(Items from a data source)
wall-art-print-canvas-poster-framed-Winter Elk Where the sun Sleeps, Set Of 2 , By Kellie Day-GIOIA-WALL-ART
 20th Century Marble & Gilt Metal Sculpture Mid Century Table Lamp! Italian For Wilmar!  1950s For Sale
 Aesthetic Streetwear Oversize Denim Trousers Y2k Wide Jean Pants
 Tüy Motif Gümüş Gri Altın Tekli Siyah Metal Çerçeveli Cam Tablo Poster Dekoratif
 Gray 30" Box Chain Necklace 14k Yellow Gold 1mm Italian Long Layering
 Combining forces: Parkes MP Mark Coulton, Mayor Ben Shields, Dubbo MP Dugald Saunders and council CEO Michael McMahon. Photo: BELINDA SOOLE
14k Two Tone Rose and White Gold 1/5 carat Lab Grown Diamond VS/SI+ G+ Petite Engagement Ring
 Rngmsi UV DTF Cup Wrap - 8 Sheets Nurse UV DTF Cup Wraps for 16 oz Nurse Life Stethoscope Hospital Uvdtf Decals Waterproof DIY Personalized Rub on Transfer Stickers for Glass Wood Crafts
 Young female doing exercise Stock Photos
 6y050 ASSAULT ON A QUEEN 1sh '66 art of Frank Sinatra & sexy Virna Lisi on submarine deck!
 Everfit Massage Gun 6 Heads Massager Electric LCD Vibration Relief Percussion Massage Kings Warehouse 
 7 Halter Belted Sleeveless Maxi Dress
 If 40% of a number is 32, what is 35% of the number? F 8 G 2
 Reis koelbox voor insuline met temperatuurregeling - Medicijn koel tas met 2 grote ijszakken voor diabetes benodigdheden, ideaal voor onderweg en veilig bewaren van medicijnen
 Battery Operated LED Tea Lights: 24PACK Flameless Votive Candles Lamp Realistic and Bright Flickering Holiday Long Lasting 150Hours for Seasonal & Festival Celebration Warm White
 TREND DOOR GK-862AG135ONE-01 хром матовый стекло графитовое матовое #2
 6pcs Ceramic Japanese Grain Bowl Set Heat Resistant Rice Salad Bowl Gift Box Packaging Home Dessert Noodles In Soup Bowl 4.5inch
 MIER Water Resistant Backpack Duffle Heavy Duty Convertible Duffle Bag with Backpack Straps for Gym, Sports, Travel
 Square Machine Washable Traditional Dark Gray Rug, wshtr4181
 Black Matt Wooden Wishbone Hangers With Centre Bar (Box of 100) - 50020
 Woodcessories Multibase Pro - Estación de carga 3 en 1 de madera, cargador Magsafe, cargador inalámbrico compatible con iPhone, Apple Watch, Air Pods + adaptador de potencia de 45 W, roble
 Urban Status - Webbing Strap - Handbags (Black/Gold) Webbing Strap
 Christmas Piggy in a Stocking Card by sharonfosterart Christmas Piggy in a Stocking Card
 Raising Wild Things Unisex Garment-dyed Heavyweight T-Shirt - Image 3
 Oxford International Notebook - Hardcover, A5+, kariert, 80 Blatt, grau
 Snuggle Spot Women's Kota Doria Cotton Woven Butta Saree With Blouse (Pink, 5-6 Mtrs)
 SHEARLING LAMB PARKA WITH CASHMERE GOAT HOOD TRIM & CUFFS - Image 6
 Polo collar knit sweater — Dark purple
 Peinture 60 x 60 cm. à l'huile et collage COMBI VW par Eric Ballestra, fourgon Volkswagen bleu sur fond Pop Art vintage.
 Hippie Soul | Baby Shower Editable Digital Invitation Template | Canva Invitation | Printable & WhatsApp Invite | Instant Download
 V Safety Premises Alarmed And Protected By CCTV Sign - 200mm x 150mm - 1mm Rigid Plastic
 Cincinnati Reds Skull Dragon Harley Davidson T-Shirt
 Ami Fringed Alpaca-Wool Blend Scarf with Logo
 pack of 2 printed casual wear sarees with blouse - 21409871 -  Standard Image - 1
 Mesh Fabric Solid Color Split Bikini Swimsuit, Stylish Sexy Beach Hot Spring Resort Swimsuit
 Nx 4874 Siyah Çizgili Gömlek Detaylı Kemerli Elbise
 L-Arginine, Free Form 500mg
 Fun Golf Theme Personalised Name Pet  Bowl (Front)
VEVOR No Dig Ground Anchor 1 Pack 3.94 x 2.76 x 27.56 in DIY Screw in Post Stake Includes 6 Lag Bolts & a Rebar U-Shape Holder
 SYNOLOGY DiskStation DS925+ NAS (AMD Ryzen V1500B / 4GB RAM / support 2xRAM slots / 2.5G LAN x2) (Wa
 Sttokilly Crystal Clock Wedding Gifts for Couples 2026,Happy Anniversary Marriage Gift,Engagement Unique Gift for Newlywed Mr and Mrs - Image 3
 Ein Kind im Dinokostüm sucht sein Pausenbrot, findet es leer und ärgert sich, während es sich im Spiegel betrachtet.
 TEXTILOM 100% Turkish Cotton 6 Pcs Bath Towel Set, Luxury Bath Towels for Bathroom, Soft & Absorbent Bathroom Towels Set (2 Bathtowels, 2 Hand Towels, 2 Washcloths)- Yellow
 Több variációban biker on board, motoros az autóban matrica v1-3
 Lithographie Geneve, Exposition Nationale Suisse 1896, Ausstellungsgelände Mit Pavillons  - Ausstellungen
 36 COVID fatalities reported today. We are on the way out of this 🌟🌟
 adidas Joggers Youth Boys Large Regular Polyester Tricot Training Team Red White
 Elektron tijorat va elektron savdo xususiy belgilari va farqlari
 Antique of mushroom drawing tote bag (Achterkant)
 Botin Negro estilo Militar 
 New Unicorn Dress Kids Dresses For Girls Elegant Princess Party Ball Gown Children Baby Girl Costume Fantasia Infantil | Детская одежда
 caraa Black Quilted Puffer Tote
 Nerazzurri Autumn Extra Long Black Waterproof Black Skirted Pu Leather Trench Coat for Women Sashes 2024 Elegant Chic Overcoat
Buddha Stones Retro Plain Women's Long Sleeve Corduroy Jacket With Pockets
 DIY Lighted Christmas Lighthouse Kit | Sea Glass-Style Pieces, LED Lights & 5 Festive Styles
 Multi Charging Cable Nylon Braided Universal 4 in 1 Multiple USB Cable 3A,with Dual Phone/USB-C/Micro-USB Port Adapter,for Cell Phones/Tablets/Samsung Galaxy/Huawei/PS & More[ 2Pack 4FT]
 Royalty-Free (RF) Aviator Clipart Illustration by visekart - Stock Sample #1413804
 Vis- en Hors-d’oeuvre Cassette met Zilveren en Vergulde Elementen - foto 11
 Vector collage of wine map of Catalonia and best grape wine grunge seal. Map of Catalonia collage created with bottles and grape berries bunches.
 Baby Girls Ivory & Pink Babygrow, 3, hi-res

• Task requirements
Go through the records above and set each one down exactly, please.

• Output for this task
wall-art-print-canvas-poster-framed-Winter Elk Where the sun Sleeps, Set Of 2 , By Kellie Day-GIOIA-WALL-ART
 20th Century Marble & Gilt Metal Sculpture Mid Century Table Lamp! Italian For Wilmar!  1950s For Sale
 Aesthetic Streetwear Oversize Denim Trousers Y2k Wide Jean Pants
 Tüy Motif Gümüş Gri Altın Tekli Siyah Metal Çerçeveli Cam Tablo Poster Dekoratif
 Gray 30" Box Chain Necklace 14k Yellow Gold 1mm Italian Long Layering
 Combining forces: Parkes MP Mark Coulton, Mayor Ben Shields, Dubbo MP Dugald Saunders and council CEO Michael McMahon. Photo: BELINDA SOOLE
14k Two Tone Rose and White Gold 1/5 carat Lab Grown Diamond VS/SI+ G+ Petite Engagement Ring
 Rngmsi UV DTF Cup Wrap - 8 Sheets Nurse UV DTF Cup Wraps for 16 oz Nurse Life Stethoscope Hospital Uvdtf Decals Waterproof DIY Personalized Rub on Transfer Stickers for Glass Wood Crafts
 Young female doing exercise Stock Photos
 6y050 ASSAULT ON A QUEEN 1sh '66 art of Frank Sinatra & sexy Virna Lisi on submarine deck!
 Everfit Massage Gun 6 Heads Massager Electric LCD Vibration Relief Percussion Massage Kings Warehouse 
 7 Halter Belted Sleeveless Maxi Dress
 If 40% of a number is 32, what is 35% of the number? F 8 G 2
 Reis koelbox voor insuline met temperatuurregeling - Medicijn koel tas met 2 grote ijszakken voor diabetes benodigdheden, ideaal voor onderweg en veilig bewaren van medicijnen
 Battery Operated LED Tea Lights: 24PACK Flameless Votive Candles Lamp Realistic and Bright Flickering Holiday Long Lasting 150Hours for Seasonal & Festival Celebration Warm White
 TREND DOOR GK-862AG135ONE-01 хром матовый стекло графитовое матовое #2
 6pcs Ceramic Japanese Grain Bowl Set Heat Resistant Rice Salad Bowl Gift Box Packaging Home Dessert Noodles In Soup Bowl 4.5inch
 MIER Water Resistant Backpack Duffle Heavy Duty Convertible Duffle Bag with Backpack Straps for Gym, Sports, Travel
 Square Machine Washable Traditional Dark Gray Rug, wshtr4181
 Black Matt Wooden Wishbone Hangers With Centre Bar (Box of 100) - 50020
 Woodcessories Multibase Pro - Estación de carga 3 en 1 de madera, cargador Magsafe, cargador inalámbrico compatible con iPhone, Apple Watch, Air Pods + adaptador de potencia de 45 W, roble
 Urban Status - Webbing Strap - Handbags (Black/Gold) Webbing Strap
 Christmas Piggy in a Stocking Card by sharonfosterart Christmas Piggy in a Stocking Card
 Raising Wild Things Unisex Garment-dyed Heavyweight T-Shirt - Image 3
 Oxford International Notebook - Hardcover, A5+, kariert, 80 Blatt, grau
 Snuggle Spot Women's Kota Doria Cotton Woven Butta Saree With Blouse (Pink, 5-6 Mtrs)
 SHEARLING LAMB PARKA WITH CASHMERE GOAT HOOD TRIM & CUFFS - Image 6
 Polo collar knit sweater — Dark purple
 Peinture 60 x 60 cm. à l'huile et collage COMBI VW par Eric Ballestra, fourgon Volkswagen bleu sur fond Pop Art vintage.
 Hippie Soul | Baby Shower Editable Digital Invitation Template | Canva Invitation | Printable & WhatsApp Invite | Instant Download
 V Safety Premises Alarmed And Protected By CCTV Sign - 200mm x 150mm - 1mm Rigid Plastic
 Cincinnati Reds Skull Dragon Harley Davidson T-Shirt
 Ami Fringed Alpaca-Wool Blend Scarf with Logo
 pack of 2 printed casual wear sarees with blouse - 21409871 -  Standard Image - 1
 Mesh Fabric Solid Color Split Bikini Swimsuit, Stylish Sexy Beach Hot Spring Resort Swimsuit
 Nx 4874 Siyah Çizgili Gömlek Detaylı Kemerli Elbise
 L-Arginine, Free Form 500mg
 Fun Golf Theme Personalised Name Pet  Bowl (Front)
VEVOR No Dig Ground Anchor 1 Pack 3.94 x 2.76 x 27.56 in DIY Screw in Post Stake Includes 6 Lag Bolts & a Rebar U-Shape Holder
 SYNOLOGY DiskStation DS925+ NAS (AMD Ryzen V1500B / 4GB RAM / support 2xRAM slots / 2.5G LAN x2) (Wa
 Sttokilly Crystal Clock Wedding Gifts for Couples 2026,Happy Anniversary Marriage Gift,Engagement Unique Gift for Newlywed Mr and Mrs - Image 3
 Ein Kind im Dinokostüm sucht sein Pausenbrot, findet es leer und ärgert sich, während es sich im Spiegel betrachtet.
 TEXTILOM 100% Turkish Cotton 6 Pcs Bath Towel Set, Luxury Bath Towels for Bathroom, Soft & Absorbent Bathroom Towels Set (2 Bathtowels, 2 Hand Towels, 2 Washcloths)- Yellow
 Több variációban biker on board, motoros az autóban matrica v1-3
 Lithographie Geneve, Exposition Nationale Suisse 1896, Ausstellungsgelände Mit Pavillons  - Ausstellungen
 36 COVID fatalities reported today. We are on the way out of this 🌟🌟
 adidas Joggers Youth Boys Large Regular Polyester Tricot Training Team Red White
 Elektron tijorat va elektron savdo xususiy belgilari va farqlari
 Antique of mushroom drawing tote bag (Achterkant)
 Botin Negro estilo Militar 
 New Unicorn Dress Kids Dresses For Girls Elegant Princess Party Ball Gown Children Baby Girl Costume Fantasia Infantil | Детская одежда
 caraa Black Quilted Puffer Tote
 Nerazzurri Autumn Extra Long Black Waterproof Black Skirted Pu Leather Trench Coat for Women Sashes 2024 Elegant Chic Overcoat
Buddha Stones Retro Plain Women's Long Sleeve Corduroy Jacket With Pockets
 DIY Lighted Christmas Lighthouse Kit | Sea Glass-Style Pieces, LED Lights & 5 Festive Styles
 Multi Charging Cable Nylon Braided Universal 4 in 1 Multiple USB Cable 3A,with Dual Phone/USB-C/Micro-USB Port Adapter,for Cell Phones/Tablets/Samsung Galaxy/Huawei/PS & More[ 2Pack 4FT]
 Royalty-Free (RF) Aviator Clipart Illustration by visekart - Stock Sample #1413804
 Vis- en Hors-d’oeuvre Cassette met Zilveren en Vergulde Elementen - foto 11
 Vector collage of wine map of Catalonia and best grape wine grunge seal. Map of Catalonia collage created with bottles and grape berries bunches.
 Baby Girls Ivory & Pink Babygrow, 3, hi-res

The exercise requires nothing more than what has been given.